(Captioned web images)
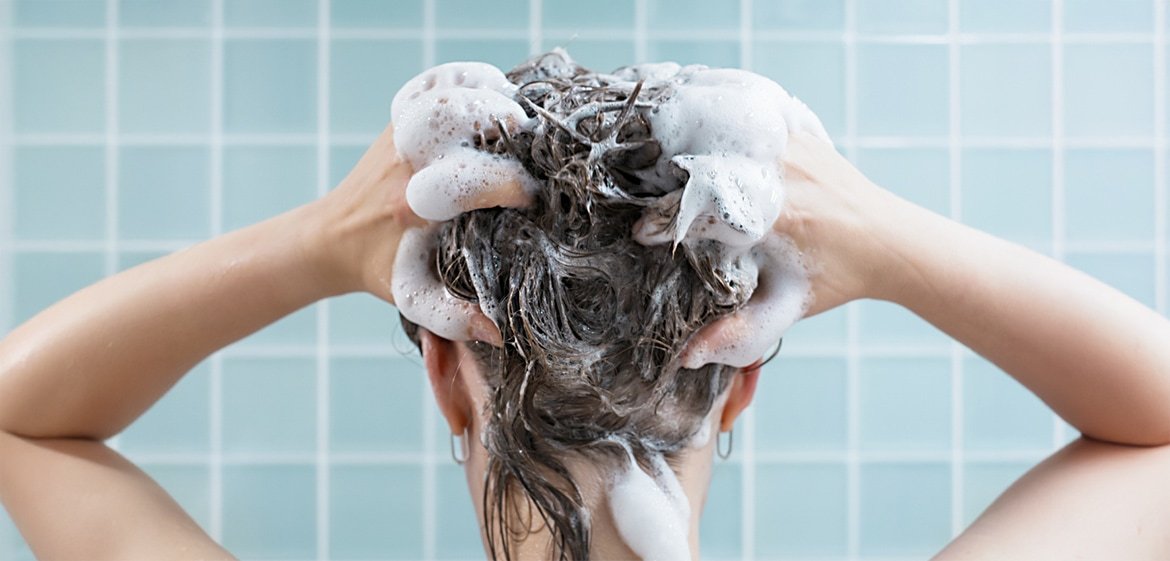 Der Kopf einer Brünetten von hinten. Sie shampooniert sich mit beiden Händen die Haare ein.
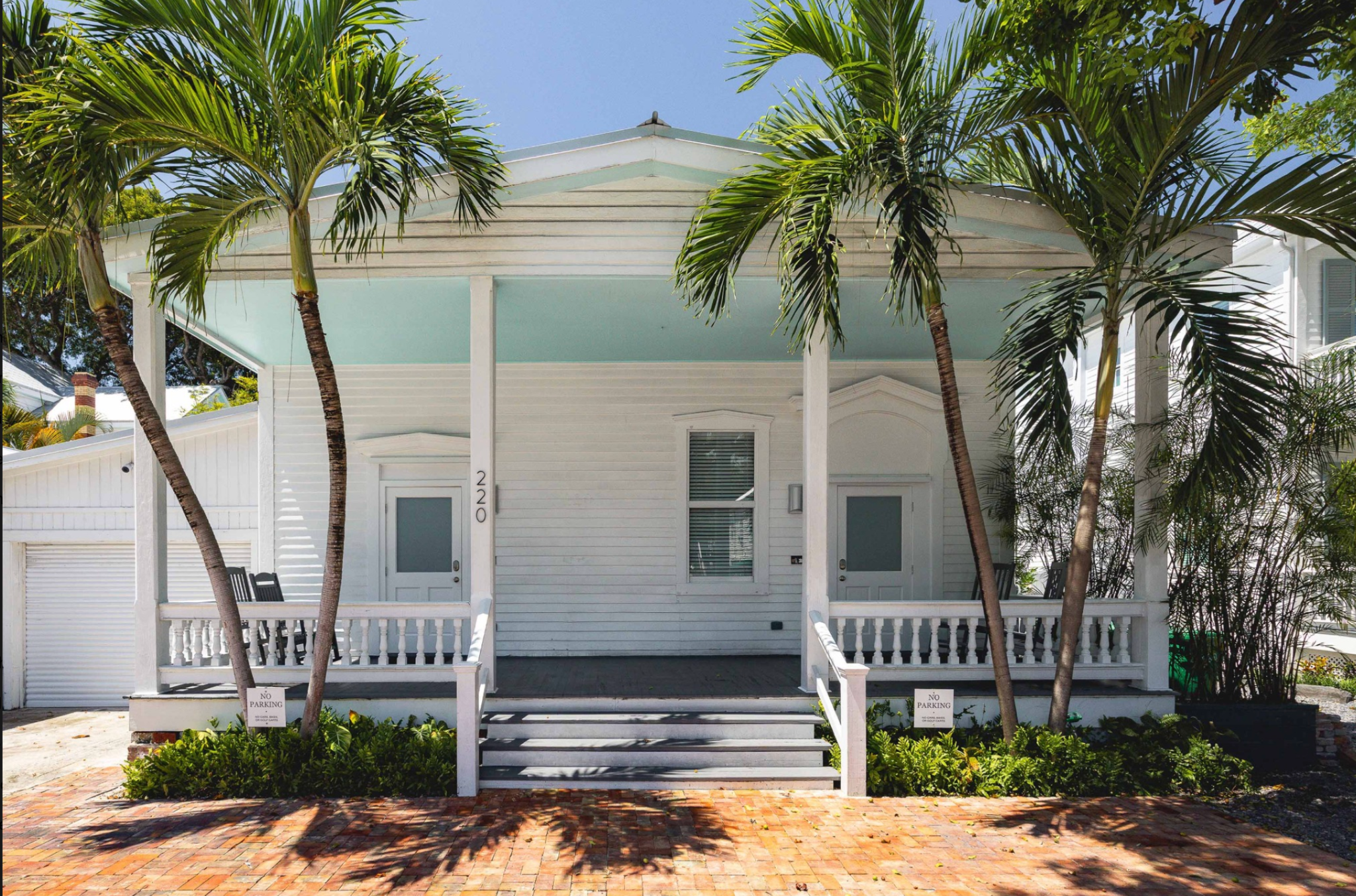 White porch and palm trees at Mesa House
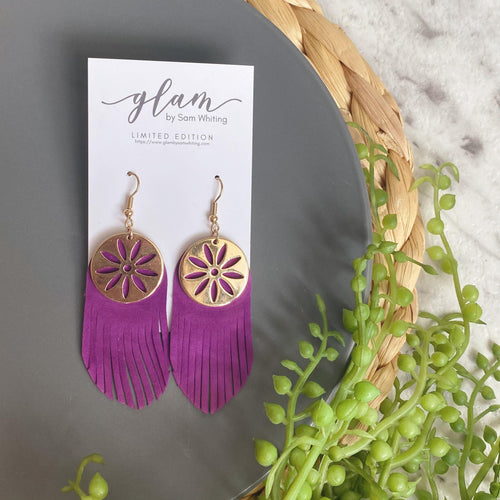 purple fringe leather earrings featuring a gold coloured embellishment and hook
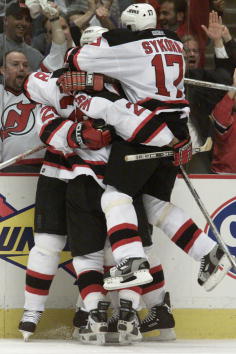 5 May 2001:  The New Jersey Devils celebrate following Jason Arnott's game-tying goal during the second period of game 5 of the NHL Eastern Conference Semifinals against the Toronto Maple Leafs at Continental Airlines Arena at the Meadowlands in East Ruth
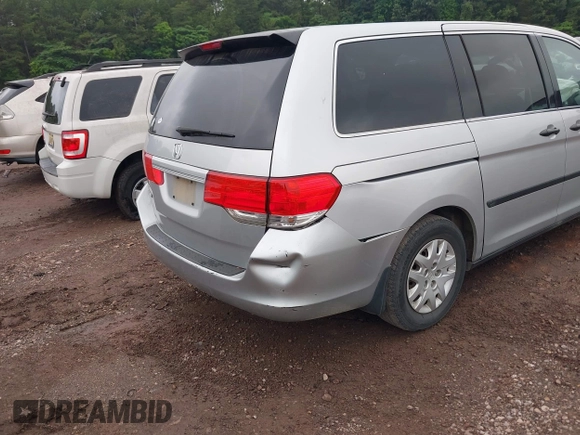 2010 Honda Odyssey LX with VIN 5FNRL3H21AB100181, listed as a IAAI auction lot 42258010 with 246,463 mi miles and . Bid and sale history available at DreamBid. Image 14.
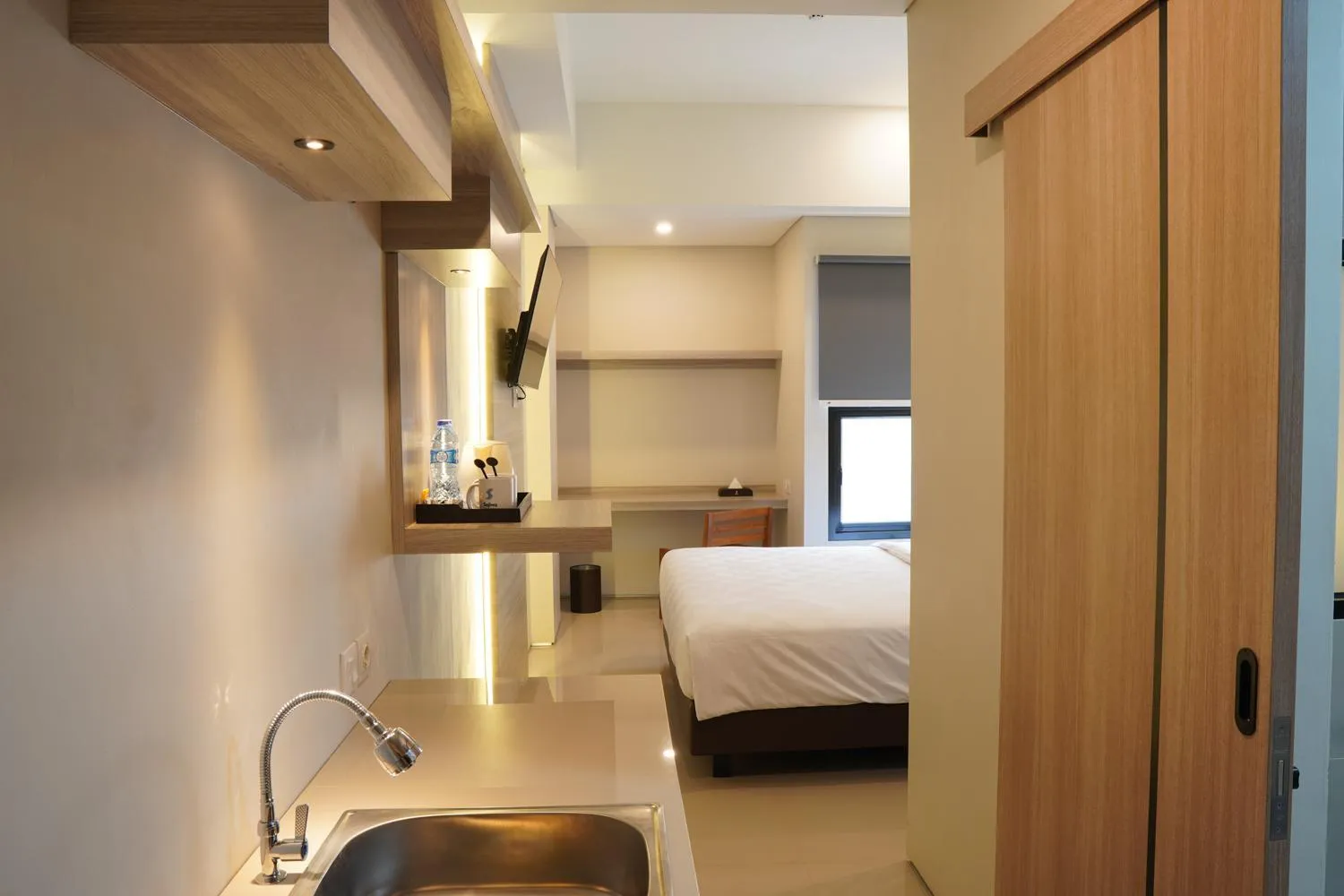 Bed in Sajiwa Inn and Suite Hotel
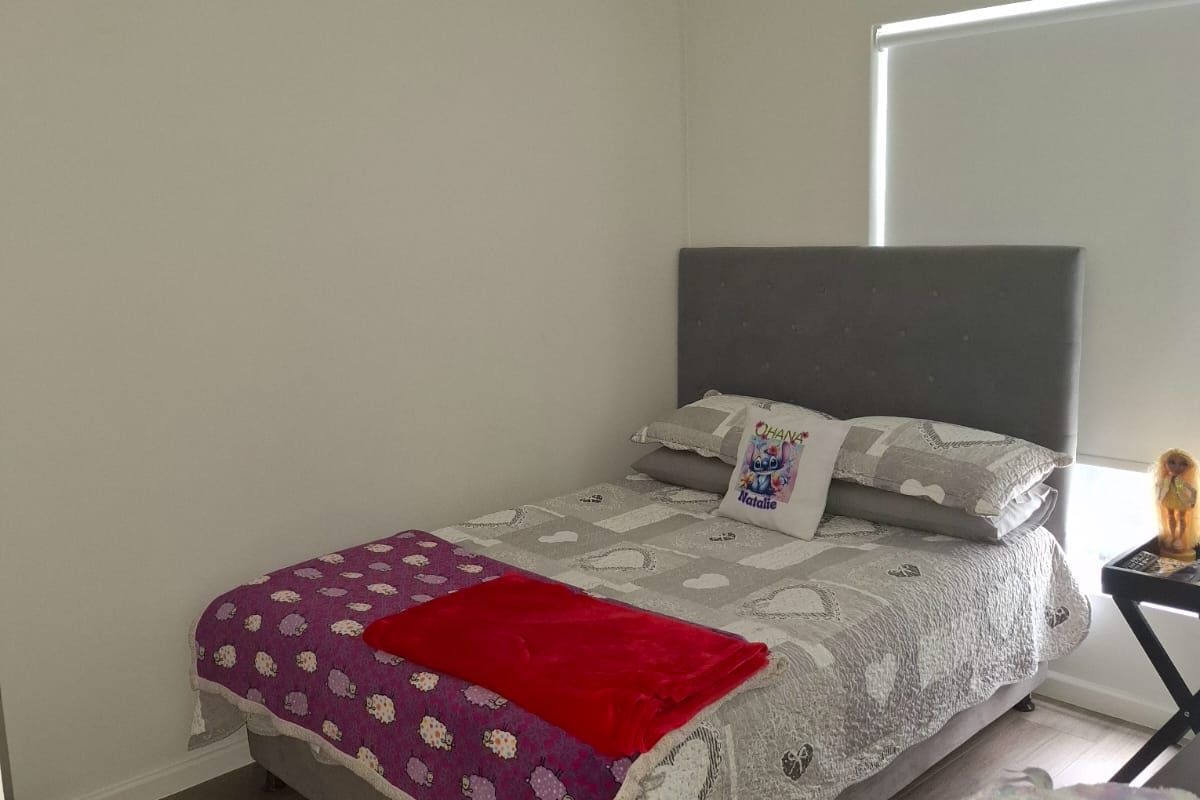 A clean and well-maintained bedroom featuring neutral wall finishes, modern laminate flooring, and a functional roller blind for privacy.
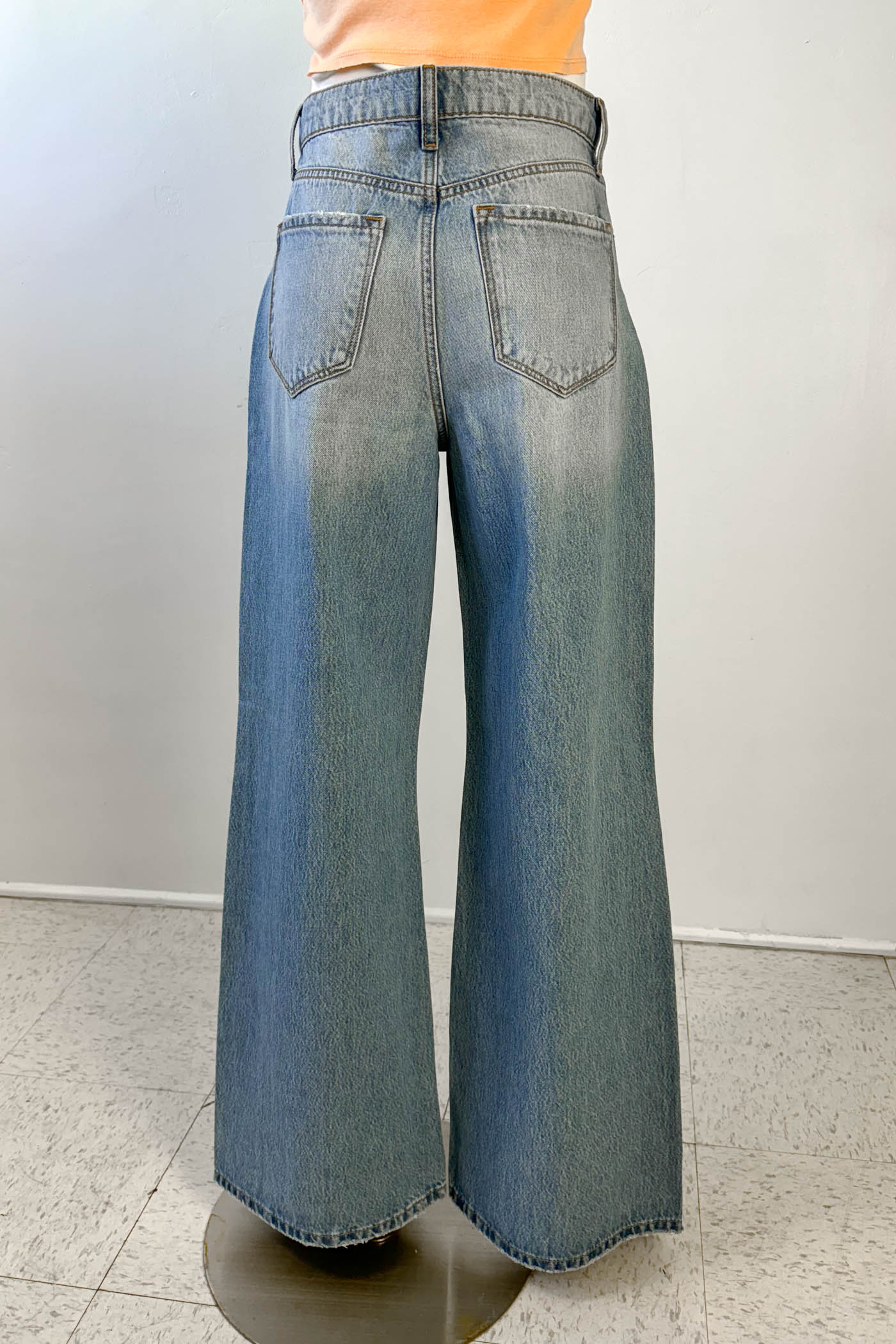 Wide-leg jeans on a stand against a plain background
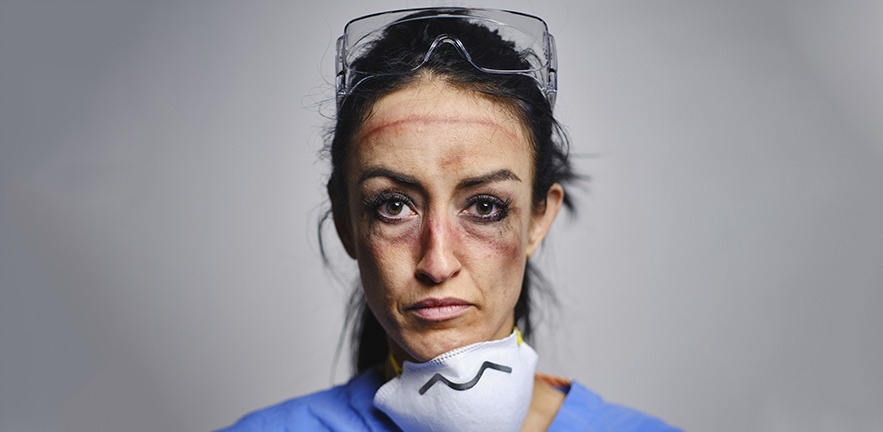 A healthcare worker showing the signs of fatigue from working long hours combatting communicable disease in a hospital.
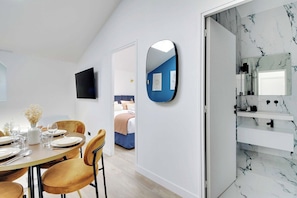 Ein modernes Hotelzimmer mit Essbereich, einem großen Spiegel und einem Badezimmer mit Marmorböden.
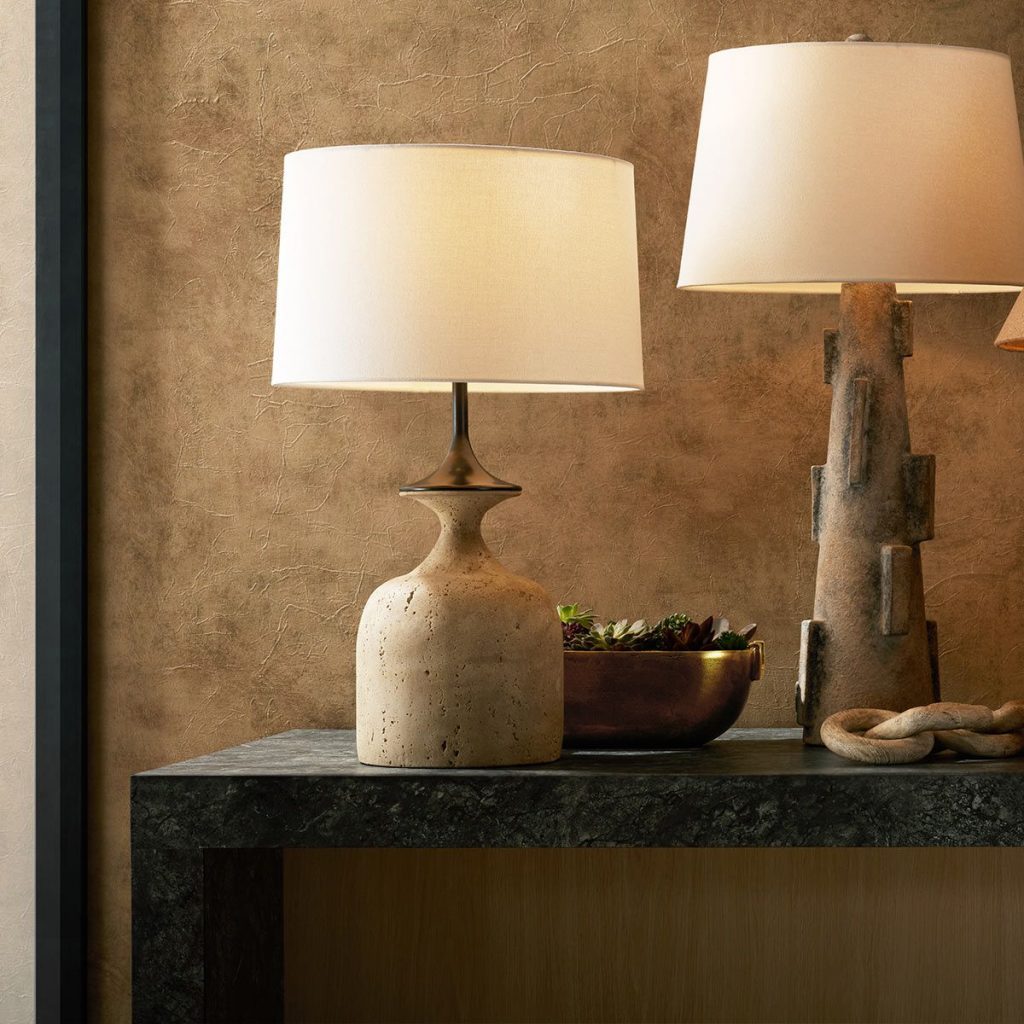 two table lamps with a natural stone base and cream lampshade on a side table giving a warm and homely glow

→ **TASK PROMPT**
Without any pictures, output the entries above exactly as they appear.

→ **TASK RESPONSE**
 Der Kopf einer Brünetten von hinten. Sie shampooniert sich mit beiden Händen die Haare ein.
 White porch and palm trees at Mesa House
 purple fringe leather earrings featuring a gold coloured embellishment and hook
 5 May 2001:  The New Jersey Devils celebrate following Jason Arnott's game-tying goal during the second period of game 5 of the NHL Eastern Conference Semifinals against the Toronto Maple Leafs at Continental Airlines Arena at the Meadowlands in East Ruth
 2010 Honda Odyssey LX with VIN 5FNRL3H21AB100181, listed as a IAAI auction lot 42258010 with 246,463 mi miles and . Bid and sale history available at DreamBid. Image 14.
 Bed in Sajiwa Inn and Suite Hotel
 A clean and well-maintained bedroom featuring neutral wall finishes, modern laminate flooring, and a functional roller blind for privacy.
 Wide-leg jeans on a stand against a plain background
 A healthcare worker showing the signs of fatigue from working long hours combatting communicable disease in a hospital.
 Ein modernes Hotelzimmer mit Essbereich, einem großen Spiegel und einem Badezimmer mit Marmorböden.
 two table lamps with a natural stone base and cream lampshade on a side table giving a warm and homely glow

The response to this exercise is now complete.